Above, request #1 is served from a fresh cache, as per normal. When the cache becomes stale and stale-while-revalidate is in effect, request #2 will kick off an asyncronous request back to the origin server, while still being served from cache as if it were still fresh (as #3 is, because it’s still inside the stale-while-revalidate “window”). Assuming that the cache is successfully updated, #4 gets served fresh from cache, because that’s what it is now.

So, in a nutshell, stale-while-revalidate hides back-end latency from your clients by taking some liberty with freshness (which you control). See the stale-while-revalidate Internet-Draft for more information.

stale-if-error

The other issue we had was when services go down. In many cases, it’s preferable not to show users a “hard” error, but instead to use slightly stale content, if it’s available. Stale-if-error allows you to do this — again, in a way that’s controllable by you.

For example, Yahoo! Tech has a number of modules on its front page that are sourced from services. If a back-end service has a glitch, in many cases it’s better to show news (for example) that’s a few minutes old, rather than have a blank space on the page. Stale-if-error makes this possible.

Again, see the stale-if-error Internet-Draft for details.

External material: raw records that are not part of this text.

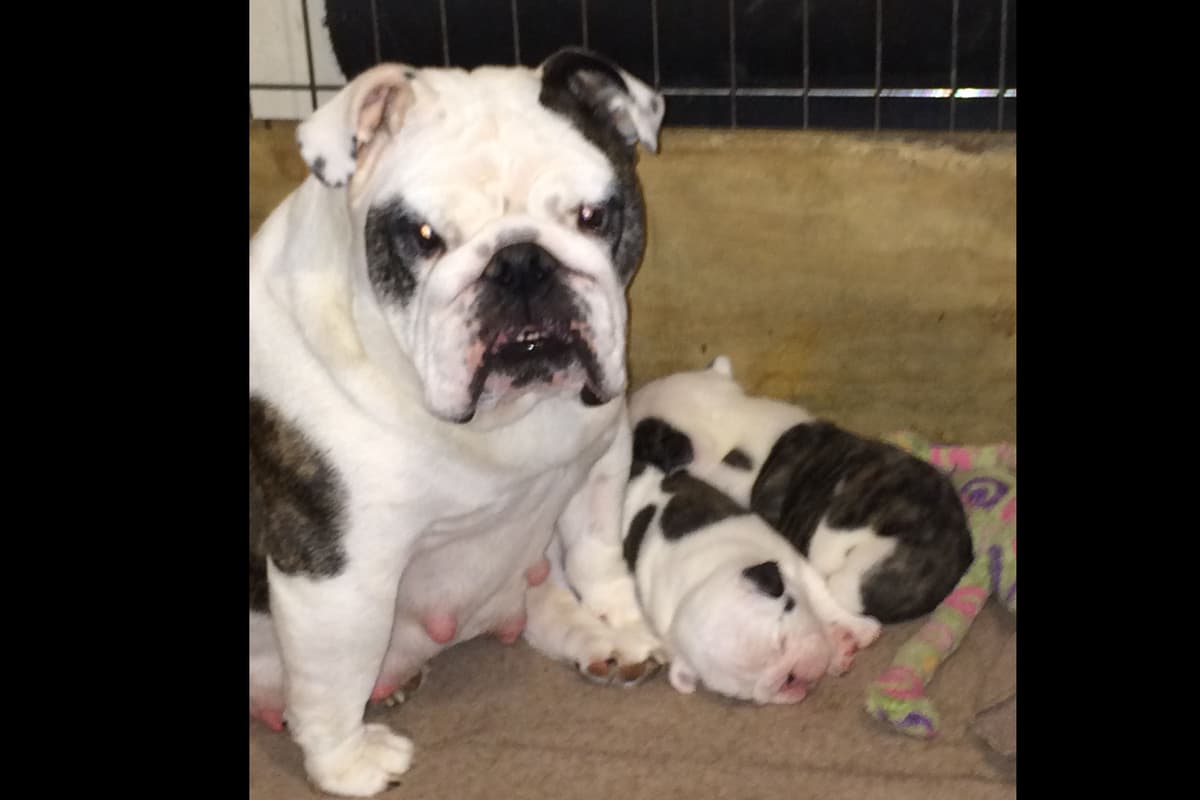 French Bulldog Puppies breeder image 5
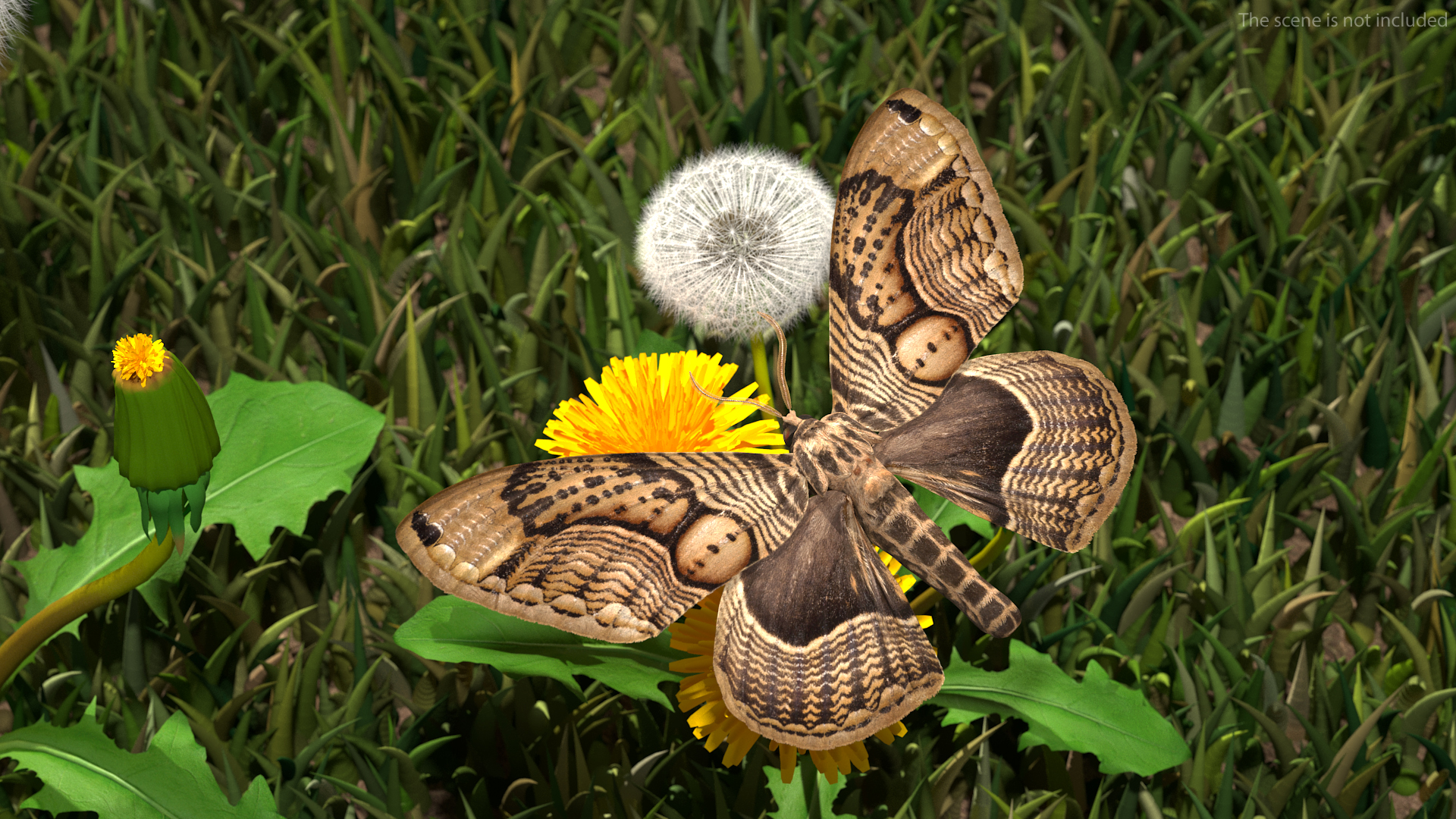 3D model Owl Moth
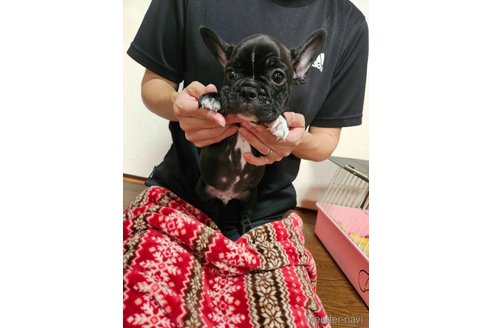 成約済の神奈川県のフレンチブルドッグ-257861の6枚目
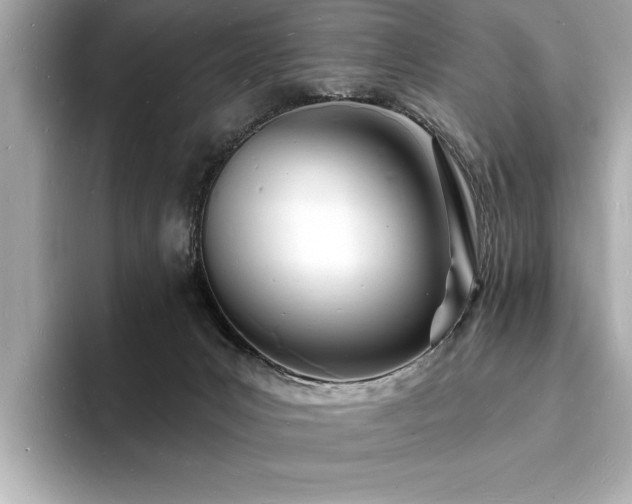 X0000093600031200710151229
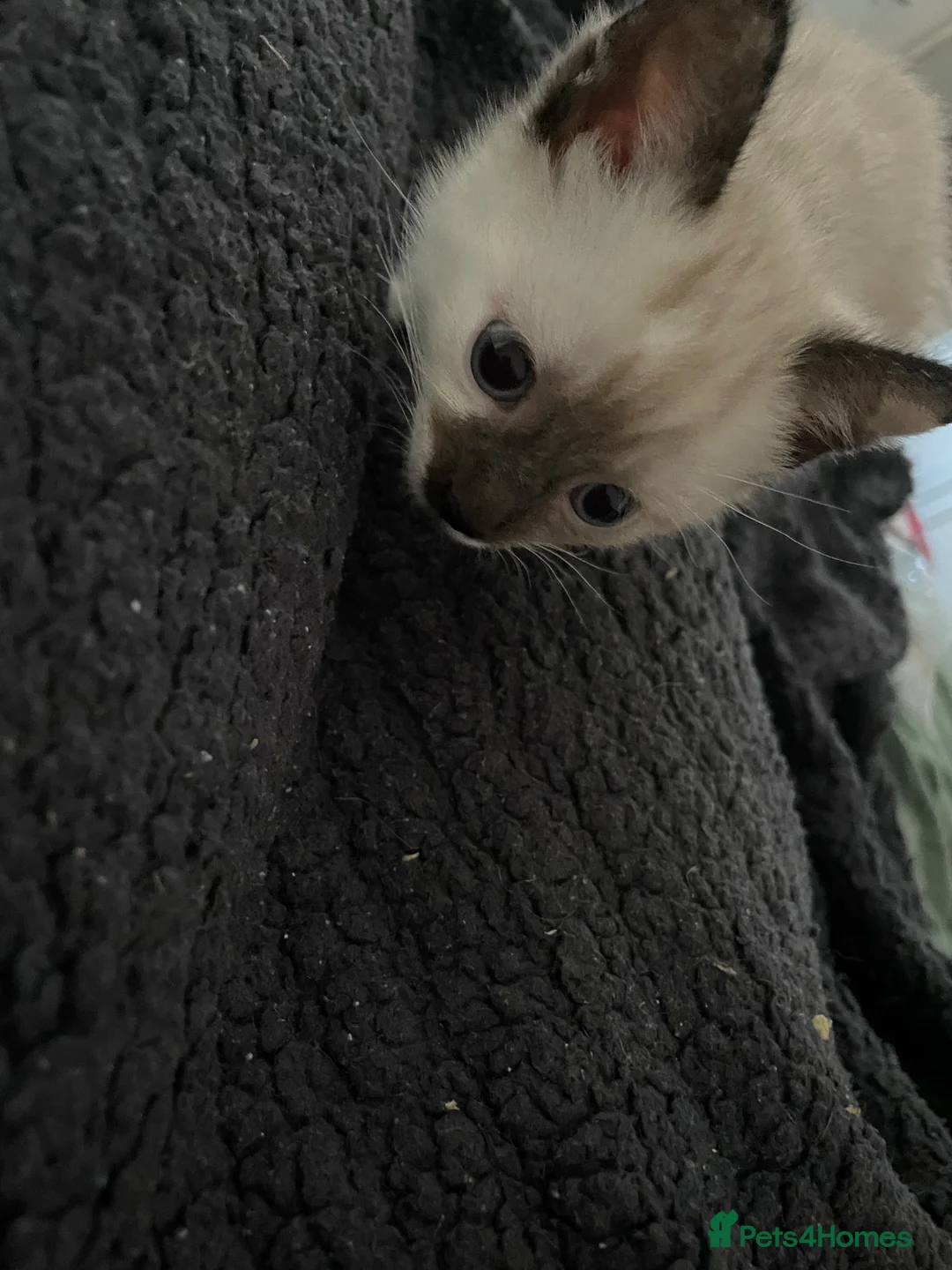 Mixed Breed cats for sale: Colourful kittens looking for home 🩷 - Advert 20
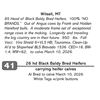 Image 1 : 26 hd Black Baldy Bred Heifers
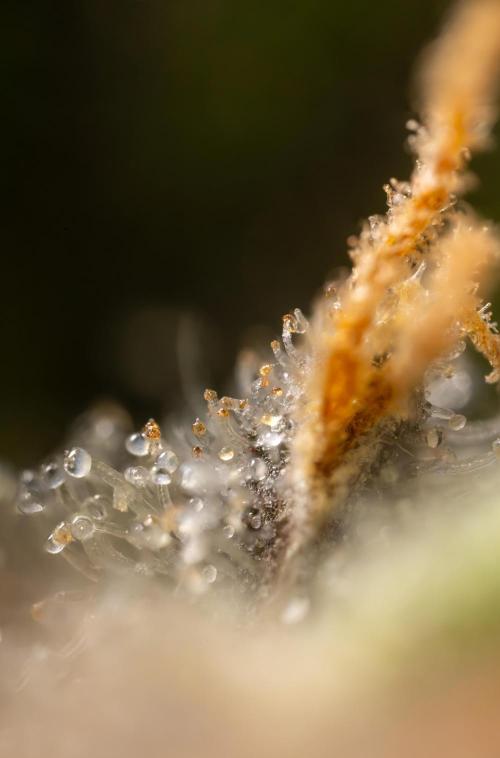 London Pound Cake 🍰 - Zamnesia x B&B. Week 11 - London Pound Cake  #1 - HARVEST DAY - Micro Worlds 10x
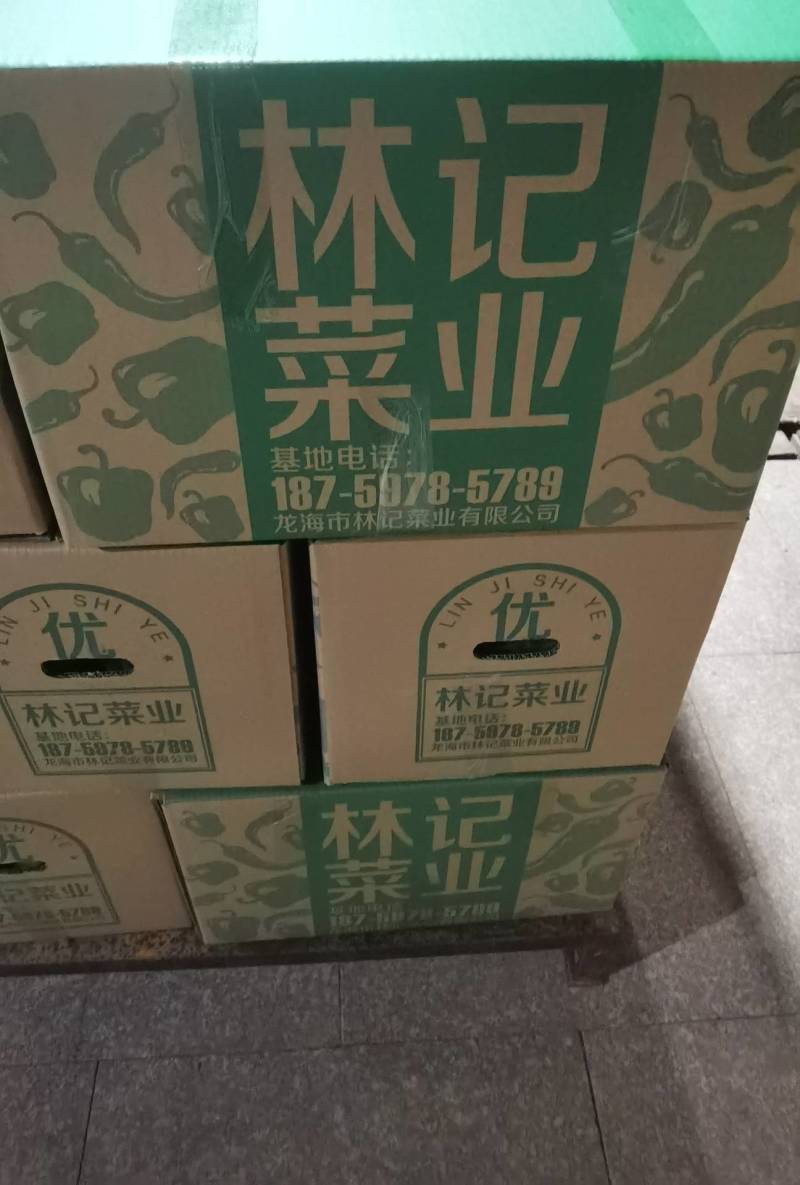 【圆椒】产地直销量大从优品质保证欢迎咨询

A Word About Cache-Control

People who have looked at these often comment on their requirement for a Cache-Control header; they often just want to be able to configure their cache manually, rather than go around modifying HTTP headers. In fact, we got this request from so many people, we did add this capability in implementation (see below).

That said, my preference is for the Cache-Control extensions, and I always strongly encourage people to use them. Why? Because, while it’s easy for an admin to go into a cache and change things, you then have decoupled the URIs (services) from their metadata; if the services change, it isn’t obvious that some cache configuration somewhere may have to change as well. Additionally, if you have multiple clients caching your data, you then have to go out and remember where all of them are (chances are, you’ll miss one), and configure each. Not good practice.

Status

Both of these extensions are documented and, in my mind, pretty stable; the I-D’s have expired, but AFAICT all I need to do is double-check things, re-submit them and request publication (as Informational RFCs). I’m going to wait a little while to see if anybody has some feedback that I can incorporate.

We also have implementation of both in Squid, coded by Henrik. Currently, there’s a changeset sitting on 2.HEAD, but hopefully it’ll get incorporated in 2.7. Note that that changeset doesn’t have support for the Cache-Control extensions, but only for the squid.conf directives for controlling these mechanisms; when the drafts start progressing, that should change.

The intent here is to make these features available to anyone who wants them; we don’t want to maintain private Squid extensions, and Squid isn’t the only interesting cache in the world. Enjoy, thanks again to Henrik and Yahoo!, and again I’d love any feedback you have.


16 Comments

Asbjørn Ulsberg said:

Fascinating! Are these RFC drafts presented to the IETF HTTP mailing list?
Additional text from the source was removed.